I used the phrase “aesthetical aberrations” because there is horror here as well. The drowning reports are horrifying, and many of Van Schaick’s photographs are equally disturbing, particularly when placed alongside the reports. I’m not saying these photos evoke “horror” on their own, but that we viewers bring our disconcerting feelings along with us. The dispatches create the conditions for us to feel fear upon looking into the eyes of people now gone—not necessarily as a result of drowning, but simply due to normal lifespan considerations.
In Wisconsin Death Trip, Lesy showcases many of Van Schaick’s more popular post-mortem photographs—including photos of dead children—but I chose not to include them. My use of Van Schaick’s photographs are meant to provide a spark of life, to remind readers that the people I’m writing about were once as alive as you or me (exempting the fictional dispatches, of course).

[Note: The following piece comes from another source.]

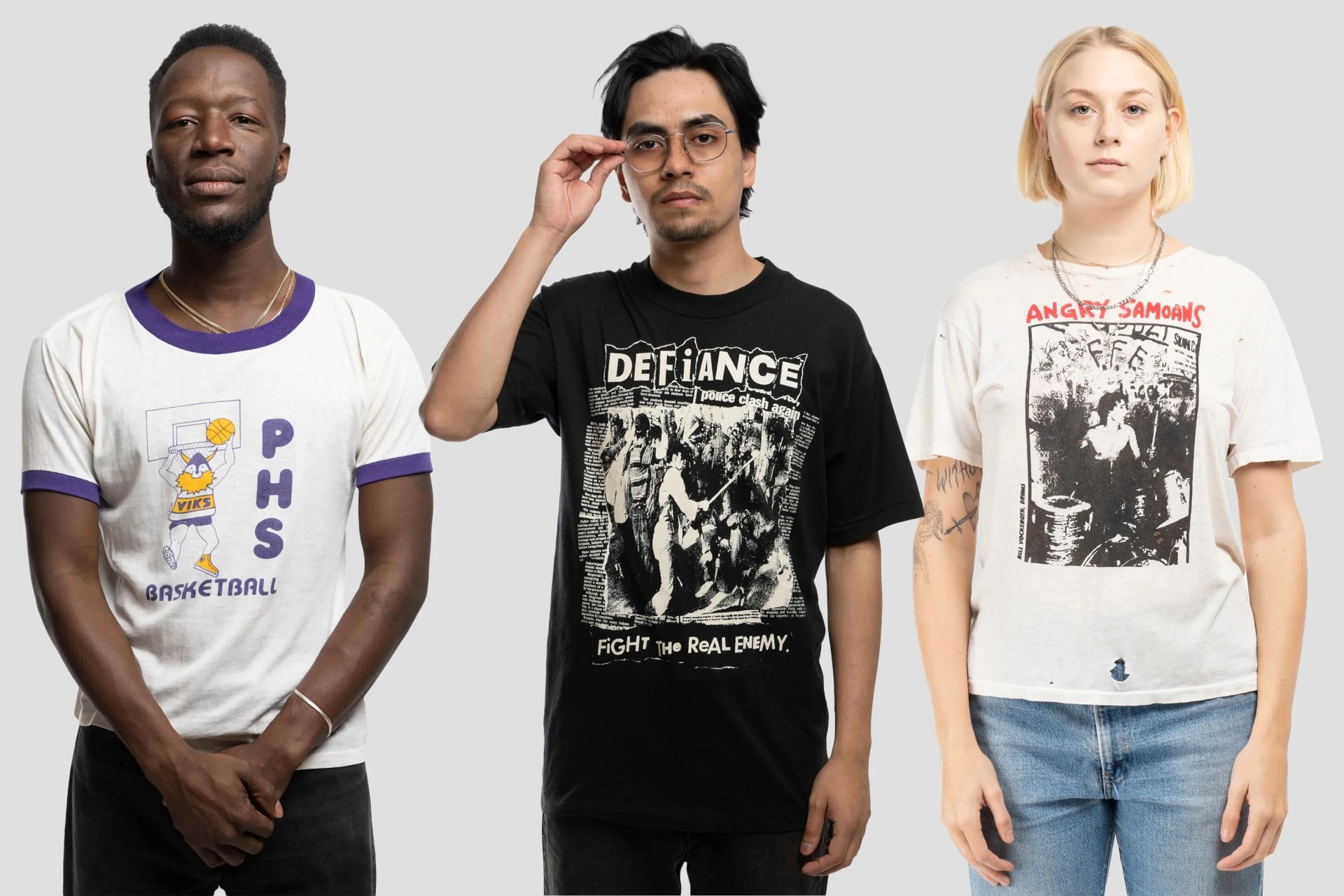 three people wearing vintage tshirts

Did you find that Van Schaick images influenced the writing of your fictional drowning reports in any way?
They surely must have, though I’m hesitant to try to decipher specific ways in which these photos influenced the work. More than anything the original drowning reports influenced the work, but I’m sure the photographs added a tint of darkness to the already dark subject.
In the Afterword you confess to not remembering which of the reports you created. If it's OK with you, I'm a little skeptical of this! Did you not keep notes? Did you purposefully neglect to mark the fictionalized version early on? If so, why?
I appreciate your skepticism! (And you’re right to be skeptical). Allow me to clarify: it’s not that I don’t know which reports are fictional. I do. I have a master list saved as “Fictional Drowning Reports” that serves as my so-called answer key. But when called upon to reveal what’s true and what’s false, I stumble. I truly cannot rattle off what’s what. I think I did this intentionally, metaphorically submerging myself with so many details and so many versions that somewhere along the way I lost track of the truth. And this, too, is troubling. How could I—the guy writing the book—fail to distinguish fact from fiction? My misremembering of the status of the reports is troubling on a macro level, but on a micro level, I’m also troubled by the minor uncertainties even in the reports deemed true. For instance, if an original report mentioned that fear “gripped” the victim, I couldn’t help but wonder how the reporter could have had insight into the victim’s perspective. Surely that seems like a logical conclusion, but how could the reporter know that interior detail for sure? Perhaps it’s a minor quibble, though perhaps it’s emblematic of larger issues of sensationalizing the truth in the media.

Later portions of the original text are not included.